The structure of networks and flows within the food system in Cuba were controlled by the state, the main organizations responsible for this being the following:
• Acopio (Unión Nacional de Acopio, National Collection Unit), the state food procurement and distribution agency for domestic farm produce. Divided into 14 provincial Acopio Enterprises, and with over 3700 municipal sales points as well as the task of supplying the MINCIN ration stores.
• Frutas Selectas, in charge of supplying produce for tourism and related activities.
• Other national-level Agricultural Enterprises and Unions, usually commodity based, for example for seeds (Empresa de Semillas), mixed crops (Empresa de Cultivos Varios), tobacco (Empresa del Tobaco).
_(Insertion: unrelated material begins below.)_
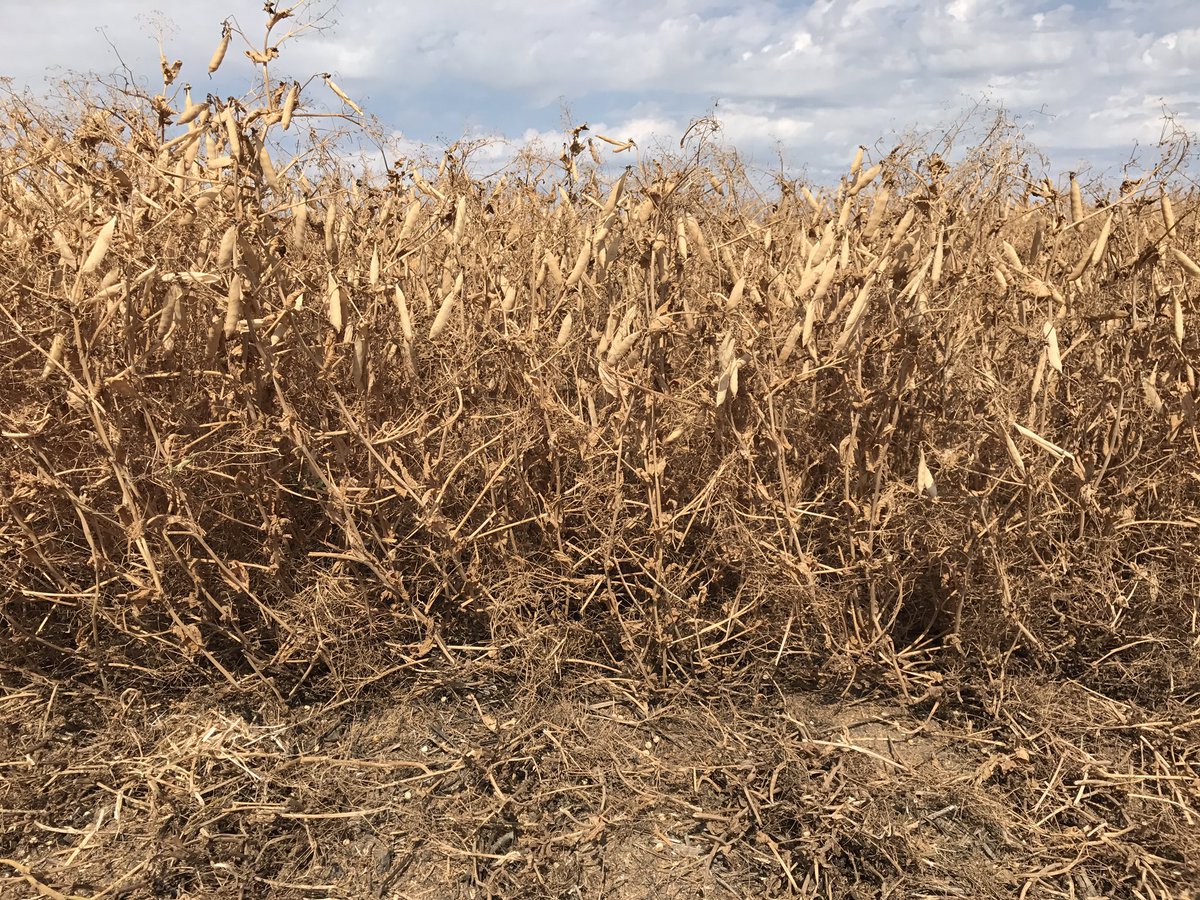 HerleSeedFarm's tweet photo. Having fun this afternoon in some Abarth Yellow Peas. Standing excellent. Certified Seed available for #plant18 @FPGenetics https://t.co/oz4SSMwIFL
• Ministry for Internal Trade (MINCIN), responsible for administering the ration system through its provincial, municipal and local networks. The ration stores channelled both imported and locally produced (and processed) foodstuffs, through La Bodega (the warehouse - for food products) and Las Placitas (the agricultural sales points - for fruit and vegetables). These ration stores also sold non-rationed, subsidized items. MINCIN also operated a nationwide network of wholesale and retail stores and gastronomic centres.
Within this structure, the National Nutritional Action Plan specified four types of destination for agricultural produce (other than self-provisioning): the ration organized by MINCIN; social feeding such as to hospitals and schools; industry and processing; and tourism. In addition, domestically produced goods also found their way onto the black market.